(Web page caption snippets)
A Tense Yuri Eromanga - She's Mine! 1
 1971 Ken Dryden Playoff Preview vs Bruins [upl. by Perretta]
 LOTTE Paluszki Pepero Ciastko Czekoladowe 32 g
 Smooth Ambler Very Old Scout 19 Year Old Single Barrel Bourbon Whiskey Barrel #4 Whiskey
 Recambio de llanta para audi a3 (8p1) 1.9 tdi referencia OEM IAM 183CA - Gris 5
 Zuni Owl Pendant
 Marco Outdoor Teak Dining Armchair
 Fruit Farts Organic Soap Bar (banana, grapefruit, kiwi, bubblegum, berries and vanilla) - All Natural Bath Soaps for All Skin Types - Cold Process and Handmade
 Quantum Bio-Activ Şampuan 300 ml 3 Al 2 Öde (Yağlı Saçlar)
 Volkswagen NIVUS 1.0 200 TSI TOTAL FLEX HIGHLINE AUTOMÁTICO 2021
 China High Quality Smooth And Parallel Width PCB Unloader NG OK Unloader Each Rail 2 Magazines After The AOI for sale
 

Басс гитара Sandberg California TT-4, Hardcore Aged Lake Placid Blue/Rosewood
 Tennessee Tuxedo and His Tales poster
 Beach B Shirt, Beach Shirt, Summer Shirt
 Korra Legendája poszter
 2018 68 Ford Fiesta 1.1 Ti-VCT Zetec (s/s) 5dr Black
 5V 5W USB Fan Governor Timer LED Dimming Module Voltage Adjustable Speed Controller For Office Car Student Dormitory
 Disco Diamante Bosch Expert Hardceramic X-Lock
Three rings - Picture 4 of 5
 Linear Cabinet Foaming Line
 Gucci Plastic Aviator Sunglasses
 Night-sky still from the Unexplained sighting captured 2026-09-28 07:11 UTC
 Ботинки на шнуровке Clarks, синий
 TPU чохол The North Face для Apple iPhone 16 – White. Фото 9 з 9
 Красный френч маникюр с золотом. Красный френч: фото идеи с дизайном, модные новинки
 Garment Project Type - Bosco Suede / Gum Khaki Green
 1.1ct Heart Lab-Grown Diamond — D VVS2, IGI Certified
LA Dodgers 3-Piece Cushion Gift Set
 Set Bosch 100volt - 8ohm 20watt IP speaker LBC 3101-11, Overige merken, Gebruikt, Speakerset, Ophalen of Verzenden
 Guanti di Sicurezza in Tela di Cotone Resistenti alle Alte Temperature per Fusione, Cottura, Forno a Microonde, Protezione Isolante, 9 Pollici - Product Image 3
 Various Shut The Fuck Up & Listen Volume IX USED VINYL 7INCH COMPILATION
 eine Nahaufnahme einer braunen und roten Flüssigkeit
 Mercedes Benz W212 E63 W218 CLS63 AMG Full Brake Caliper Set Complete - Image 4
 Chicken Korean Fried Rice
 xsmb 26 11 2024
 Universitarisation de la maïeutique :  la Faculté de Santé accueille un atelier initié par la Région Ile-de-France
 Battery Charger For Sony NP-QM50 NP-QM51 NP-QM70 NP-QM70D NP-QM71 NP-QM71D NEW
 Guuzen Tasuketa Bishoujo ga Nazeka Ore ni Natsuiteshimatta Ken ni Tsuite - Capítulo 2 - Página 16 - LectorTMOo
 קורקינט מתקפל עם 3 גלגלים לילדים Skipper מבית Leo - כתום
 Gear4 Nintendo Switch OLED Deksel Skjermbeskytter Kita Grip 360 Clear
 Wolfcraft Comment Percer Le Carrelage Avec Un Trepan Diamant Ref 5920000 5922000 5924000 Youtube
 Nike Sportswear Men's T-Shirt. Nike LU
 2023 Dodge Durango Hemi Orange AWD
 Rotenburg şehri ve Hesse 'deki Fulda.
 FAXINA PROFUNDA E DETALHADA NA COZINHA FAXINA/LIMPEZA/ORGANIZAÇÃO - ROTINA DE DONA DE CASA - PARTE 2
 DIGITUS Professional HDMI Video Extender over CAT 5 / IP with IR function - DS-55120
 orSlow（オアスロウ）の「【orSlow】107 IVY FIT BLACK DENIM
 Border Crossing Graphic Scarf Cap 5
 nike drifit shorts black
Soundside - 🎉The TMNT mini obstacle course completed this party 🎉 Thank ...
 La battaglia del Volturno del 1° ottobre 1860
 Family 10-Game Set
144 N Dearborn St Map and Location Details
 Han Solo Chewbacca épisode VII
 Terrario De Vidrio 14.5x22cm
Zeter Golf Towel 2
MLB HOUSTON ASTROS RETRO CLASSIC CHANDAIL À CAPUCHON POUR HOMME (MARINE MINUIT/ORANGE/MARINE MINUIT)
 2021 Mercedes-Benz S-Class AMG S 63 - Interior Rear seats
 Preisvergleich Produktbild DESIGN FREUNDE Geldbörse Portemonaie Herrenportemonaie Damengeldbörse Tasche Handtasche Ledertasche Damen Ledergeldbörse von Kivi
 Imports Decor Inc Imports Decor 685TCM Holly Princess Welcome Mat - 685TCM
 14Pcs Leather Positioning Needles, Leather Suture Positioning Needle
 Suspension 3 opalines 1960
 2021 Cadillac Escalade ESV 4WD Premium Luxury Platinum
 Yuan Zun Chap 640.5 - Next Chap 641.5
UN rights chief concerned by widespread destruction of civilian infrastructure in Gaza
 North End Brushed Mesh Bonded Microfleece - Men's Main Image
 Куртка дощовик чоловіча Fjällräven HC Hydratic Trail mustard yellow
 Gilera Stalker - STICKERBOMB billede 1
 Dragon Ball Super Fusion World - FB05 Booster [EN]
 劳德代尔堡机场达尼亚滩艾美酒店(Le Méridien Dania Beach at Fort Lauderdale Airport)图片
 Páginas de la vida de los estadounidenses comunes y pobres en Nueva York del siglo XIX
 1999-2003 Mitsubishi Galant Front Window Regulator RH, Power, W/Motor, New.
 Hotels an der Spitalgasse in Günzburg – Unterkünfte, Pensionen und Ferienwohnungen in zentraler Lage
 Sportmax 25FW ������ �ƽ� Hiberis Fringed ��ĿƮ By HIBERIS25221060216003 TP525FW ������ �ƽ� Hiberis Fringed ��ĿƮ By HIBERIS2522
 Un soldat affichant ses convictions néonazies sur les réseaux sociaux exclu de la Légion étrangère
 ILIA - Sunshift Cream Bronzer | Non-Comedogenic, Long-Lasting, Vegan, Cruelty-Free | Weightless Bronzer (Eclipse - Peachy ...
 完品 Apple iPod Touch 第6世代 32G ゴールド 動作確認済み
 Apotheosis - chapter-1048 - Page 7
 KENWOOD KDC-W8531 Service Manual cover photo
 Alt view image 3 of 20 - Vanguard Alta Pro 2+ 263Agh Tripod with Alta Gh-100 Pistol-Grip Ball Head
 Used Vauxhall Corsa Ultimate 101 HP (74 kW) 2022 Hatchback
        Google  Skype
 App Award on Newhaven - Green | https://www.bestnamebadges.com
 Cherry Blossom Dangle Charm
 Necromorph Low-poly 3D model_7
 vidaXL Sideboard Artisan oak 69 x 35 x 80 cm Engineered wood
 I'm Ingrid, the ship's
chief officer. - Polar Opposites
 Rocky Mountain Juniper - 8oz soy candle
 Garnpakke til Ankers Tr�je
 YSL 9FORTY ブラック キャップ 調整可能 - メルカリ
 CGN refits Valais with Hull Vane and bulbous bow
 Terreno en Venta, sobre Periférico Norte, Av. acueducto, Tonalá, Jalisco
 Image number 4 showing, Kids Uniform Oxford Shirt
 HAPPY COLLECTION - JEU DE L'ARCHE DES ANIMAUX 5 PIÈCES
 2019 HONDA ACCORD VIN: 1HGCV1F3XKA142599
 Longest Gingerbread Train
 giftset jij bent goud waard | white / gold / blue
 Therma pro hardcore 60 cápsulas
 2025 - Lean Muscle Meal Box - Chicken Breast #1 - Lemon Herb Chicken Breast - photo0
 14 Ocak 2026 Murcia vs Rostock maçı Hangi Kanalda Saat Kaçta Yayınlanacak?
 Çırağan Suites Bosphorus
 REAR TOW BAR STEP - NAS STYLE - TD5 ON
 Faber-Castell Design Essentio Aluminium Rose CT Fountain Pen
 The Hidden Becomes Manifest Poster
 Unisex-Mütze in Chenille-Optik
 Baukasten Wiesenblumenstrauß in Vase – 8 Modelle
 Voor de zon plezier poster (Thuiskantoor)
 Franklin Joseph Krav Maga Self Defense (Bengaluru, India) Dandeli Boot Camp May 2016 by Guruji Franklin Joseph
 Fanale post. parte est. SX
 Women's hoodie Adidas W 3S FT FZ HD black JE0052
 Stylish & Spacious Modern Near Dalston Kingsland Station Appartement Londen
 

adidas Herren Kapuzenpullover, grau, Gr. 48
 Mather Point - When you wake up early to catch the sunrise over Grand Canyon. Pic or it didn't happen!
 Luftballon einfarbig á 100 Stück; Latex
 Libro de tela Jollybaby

> _Exercise directions_
Above this instruction are the records; retype exactly the lines from the one containing "Gear4 Nintendo Switch" up to and including the one containing "MLB HOUSTON ASTROS".

> _Task response_
 Gear4 Nintendo Switch OLED Deksel Skjermbeskytter Kita Grip 360 Clear
 Wolfcraft Comment Percer Le Carrelage Avec Un Trepan Diamant Ref 5920000 5922000 5924000 Youtube
 Nike Sportswear Men's T-Shirt. Nike LU
 2023 Dodge Durango Hemi Orange AWD
 Rotenburg şehri ve Hesse 'deki Fulda.
 FAXINA PROFUNDA E DETALHADA NA COZINHA FAXINA/LIMPEZA/ORGANIZAÇÃO - ROTINA DE DONA DE CASA - PARTE 2
 DIGITUS Professional HDMI Video Extender over CAT 5 / IP with IR function - DS-55120
 orSlow（オアスロウ）の「【orSlow】107 IVY FIT BLACK DENIM
 Border Crossing Graphic Scarf Cap 5
 nike drifit shorts black
Soundside - 🎉The TMNT mini obstacle course completed this party 🎉 Thank ...
 La battaglia del Volturno del 1° ottobre 1860
 Family 10-Game Set
144 N Dearborn St Map and Location Details
 Han Solo Chewbacca épisode VII
 Terrario De Vidrio 14.5x22cm
Zeter Golf Towel 2
MLB HOUSTON ASTROS RETRO CLASSIC CHANDAIL À CAPUCHON POUR HOMME (MARINE MINUIT/ORANGE/MARINE MINUIT)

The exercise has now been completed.